Lo divertido de las precampañas electorales resulta ser que
de hecho y sin carteles pegados en las paredes, son auténticas campañas
electorales. Los que se postulan candidatos a administrar la polis que pagamos
y componemos entre todos, se exponen mediáticamente y, a veces, hasta se
sobreexponen, y ya se sabe lo que pasa con las sobreexposiciones que del moreno
a la quemadura hay un paso muy breve.
La verdad es que se pueden sacar varias conclusiones de lo
que se ve y se oye y les prometo que no hago esfuerzos por enterarme de lo que
dicen unos y otros. Una conclusión que uno saca del ruido mediático es que los
partidos están dispuestos a prometer lo que sea. A moderar su discurso hasta la
contradicción más flagrante, a radicalizarlo en los aspectos que exciten ese
castizo autoodio español y así arañar el famoso voto del indignado que junto
con el voto del envidioso y el miedoso es característico del paisanaje patrio.
Se escuchan las mismas promesas de veces anteriores, les falta añadir “ahora en
serio” para hacerse creíbles. Se venden unicornios y rentas universales,
garantías de derechos de todo tipo, reales o imaginarios. Se machaca al
discrepante de las propias filas, que no es el momento de disentir, y se eleva
el nivel de sensibilidad a la corrección política de todo lo que haya de ser
expuesto al público. Y así vamos a estar, por lo menos hasta el veintiuno de
diciembre, hagan estómago.
Otra conclusión a la que uno llega se puede resumir en una
frase: “pero de dónde sale esta gente, ¿es que no hay alguien más cualificado
para gestionar lo público?”. Porque da la impresión y probablemente sea una
exageración y error mío, que hay una colección de profesionales de lo público
cuyo único currículo es haber hecho carrera en ello pisando para llegar alto
sin saber hacer mucho más. Gente que defiende el cargo con uñas y dientes
porque fuera hace un frío que pela. Ya digo, probablemente es una percepción
equivocada, un sesgo cognitivo que me lleva a no valorar suficientemente a
todos los voluntariosos ciudadanos que honesta y entregadamente se esfuerzan
por hacer de la política el arte de mejorar la convivencia, cuidar los derechos
de todos y administrar los bienes comunes con sensatez y honradez. Ojalá sean
estos últimos los que se ocupen de lo que importa, Dios lo quiera.

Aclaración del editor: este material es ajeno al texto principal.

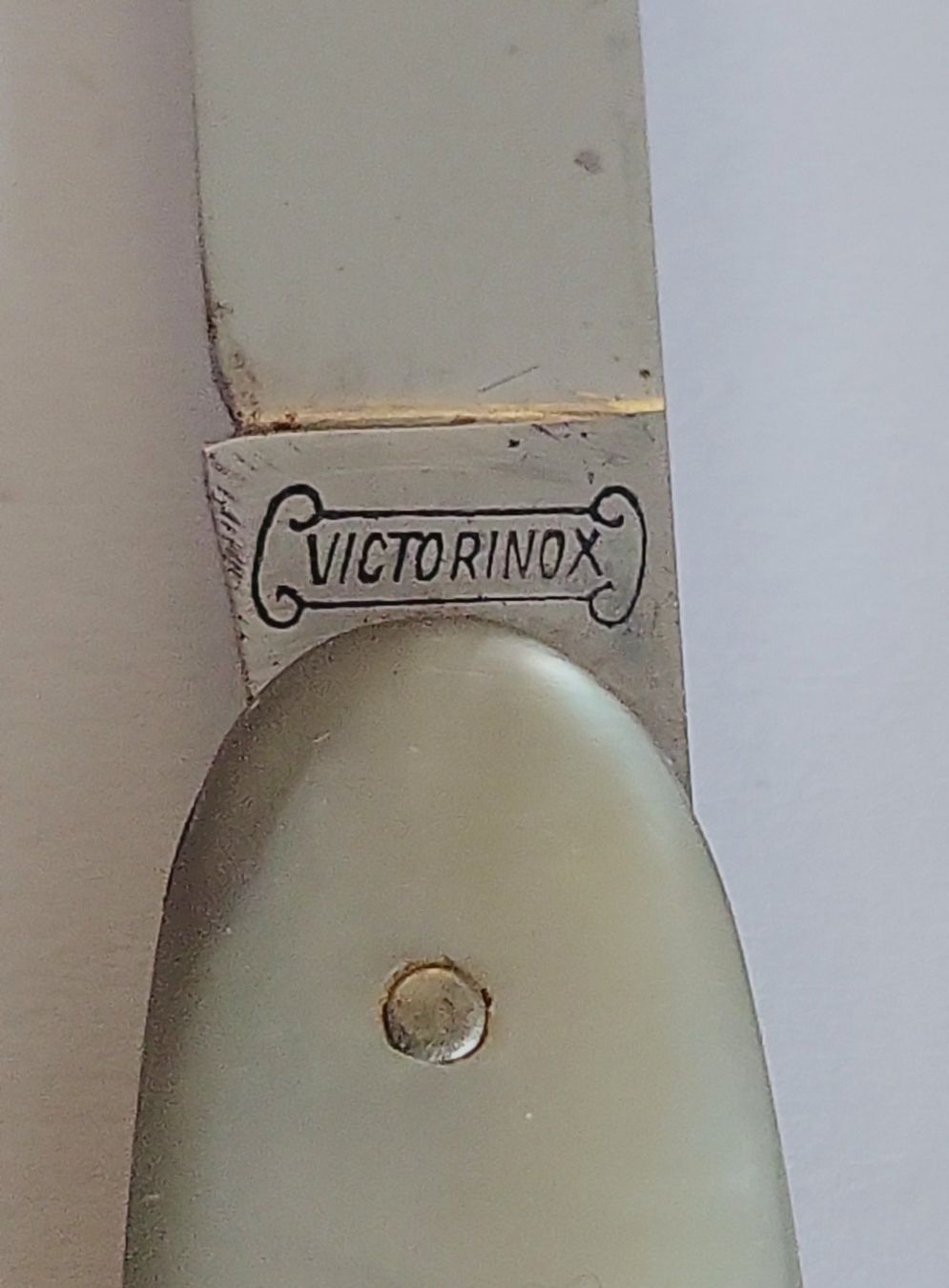 Coltelli tascabile: Altes Victorinox Sackmesser, Werbemesser – Usato da Muttenz venduto da Mithrur 2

¡Pero qué narices!, es adviento, es tiempo de grandes
esperanzas, ¿por qué no incluir ésta entre ellas? Esperamos lo imposible, lo
humanamente irrealizable, porque lo esperamos de Dios para quien nada hay
imposible, ni siquiera que la corruptible debilidad de lo humano contuviera la
infinitud y eternidad del Hijo.
Esperamos salvación mientras demasiadas veces elegimos
caminos de perdición y abandono, esperamos consuelo mientras nos herimos
mutuamente con toda clase de absurdas violencias, esperamos felicidad mientras
creemos poder comprar cualquier sucedáneo que nos distraiga, esperamos vida
mientras cada minuto nos acerca a la muerte, esperamos misericordia mientras
tratamos inmisercordemente a los más débiles. Es precisamente en medio de esas
contradicciones que viene el esperado de los siglos que cantaba el poeta. Para
hacer posible lo que nosotros hacemos imposible con nuestras acciones y
omisiones. Para sembrar la misericordia en el corazón ajado y reseco, para
hacer brotar manantiales en el desierto, arroyos en el sequedal, humanidad
reconciliada en nuestra pobreza interior. Sí, en este caso adviento es esperar
lo imposible y contemplar lo inaudito. A pesar de todo.